The oil on canvas Le Jardin, painted in 1878 by Gustave Caillebotte. Four years earlier, in his will drawn up when he was just 28, the artist bequeathed his collection of Impressionist works to the French state.
Presented in the Modern and Contemporary Art sale, Le Jardin, an oil on canvas painted around 1878 by Gustave Caillebotte (€150,000 / 200,000), comes from a private European collection dedicated to late 19th and early 20th century painting. It also features works by Raoul Dufy (Calèche à Falaise, circa 1905, €300,000 / 350,000), Kees van Dongen, (Nature morte avec poupée, 1940, €180,000 / 220,000), Marie Laurencin (Jeune seigneur devant son palais, 1932, €40,000 / 60,000) and Maurice Utrillo (La place du Tertre à Montmartre, circa 1920-1922, €100,000 / 150,000).

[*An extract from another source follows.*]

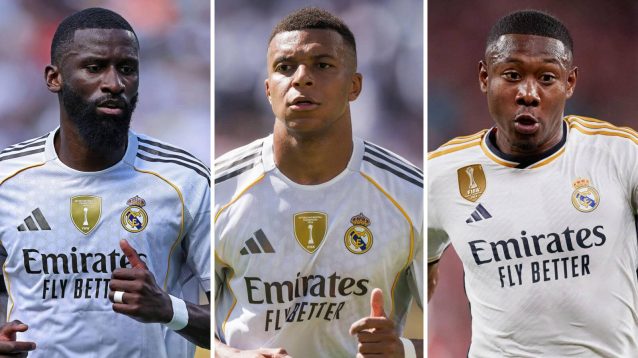 David Alaba, Kylian Mbappe and Antonio Rudiger in Real Madrid kits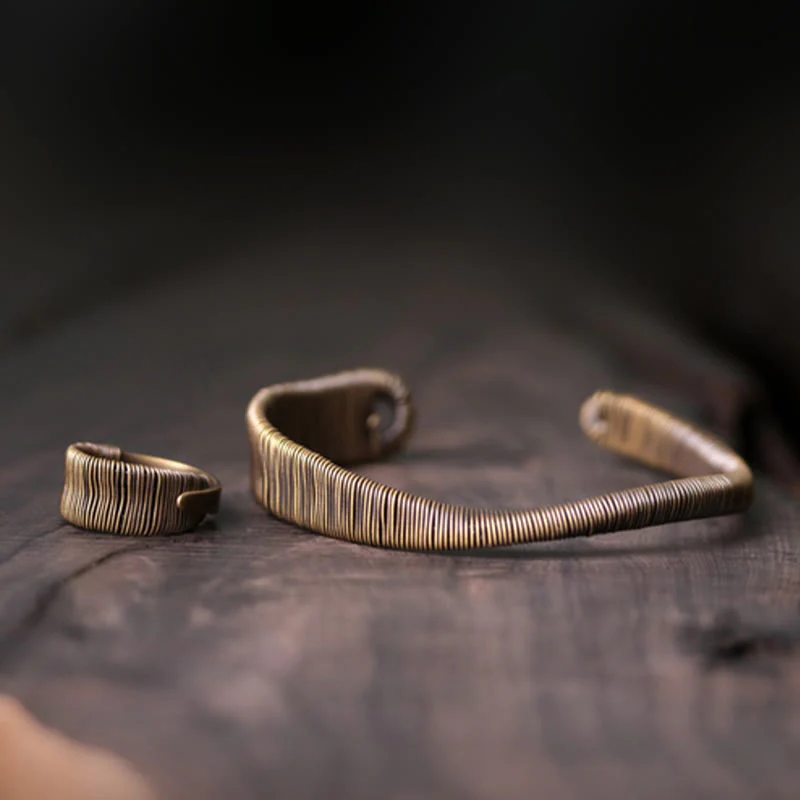 Bracciale regolabile con polsino in ottone e rame, con design semplice, per fortuna e ricchezza, Buddha Stones - Image 13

This oil on canvas, with its almost photographic framing, is a real eye-opener. The brightly colored flowers in the foreground are as if blurred, just captured by a quick brushstroke. The latter, lined with trees and vegetation in incalculable shades of green, further reinforces the impression of reverie.
The year 2024 marks the 130th anniversary of Gustave Caillebotte's death, celebrated by an exhibition entitled “Caillebotte, Peindre les hommes” at the Musée d'Orsay. It's also the anniversary of the bequest of the “contemporary” art collection of the artist who, throughout his life, bought works from artists he befriended. In 1894, forty paintings by Cézanne, Degas, Manet, Millet, Monet, Pissarro, Renoir, and Sisley joined the national collections, not without some difficulty (there were originally 70 of them). In 1897, the Caillebotte Room was inaugurated at the Musée du Luxembourg, then known as the Musée des Artistes Vivants. Thanks to Caillebotte, Impressionism had its first museum exhibition in France.